--- Listed records ---
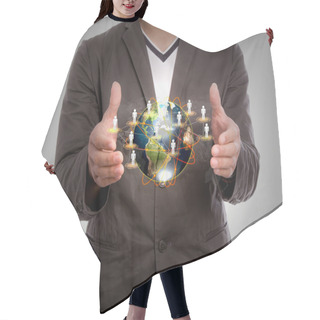 Personality  Business Man Hold Earth Hair Cutting Cape
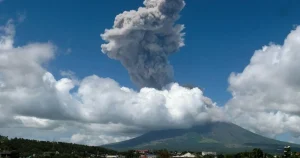 Mayon Volcano erupts spewing ash plumes two miles into the sky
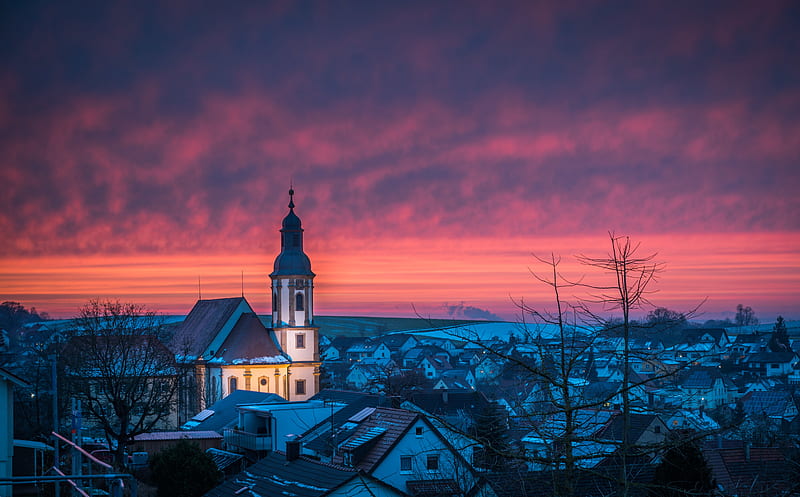 Churches, Church, Sunset, HD wallpaper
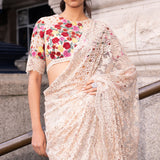 Beige Multi-Coloured Thread Work Saree
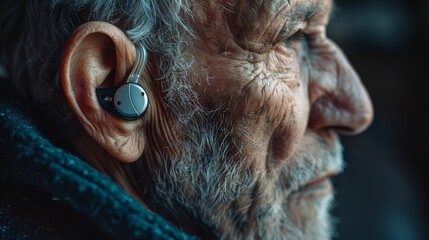 Lovely old person's hearing aid-equipped ear over a dark backdrop aging male and space, Generative AI. - obrazy, fototapety, plakaty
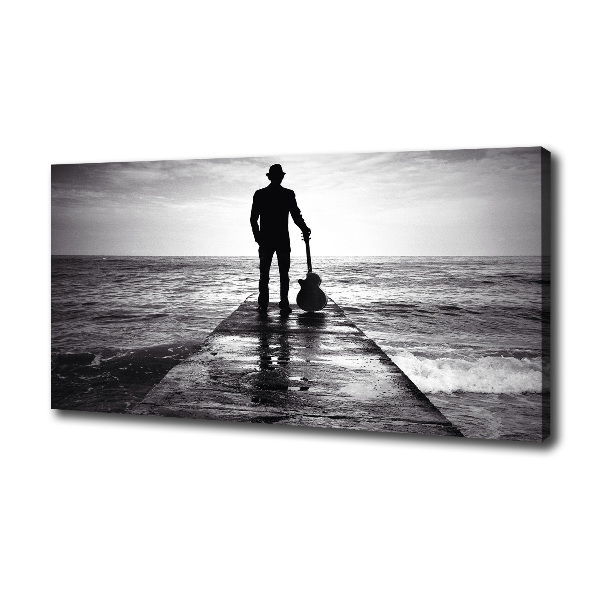 Fotobild Gitarrist auf dem Pier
---
• _Your objective_
What are the lines from the one containing "Beige Multi-Coloured Thread Work Saree" through the end of the records? Write them out exactly, leaving out the pictures.

• _Response_
 Beige Multi-Coloured Thread Work Saree
 Lovely old person's hearing aid-equipped ear over a dark backdrop aging male and space, Generative AI. - obrazy, fototapety, plakaty
 Fotobild Gitarrist auf dem Pier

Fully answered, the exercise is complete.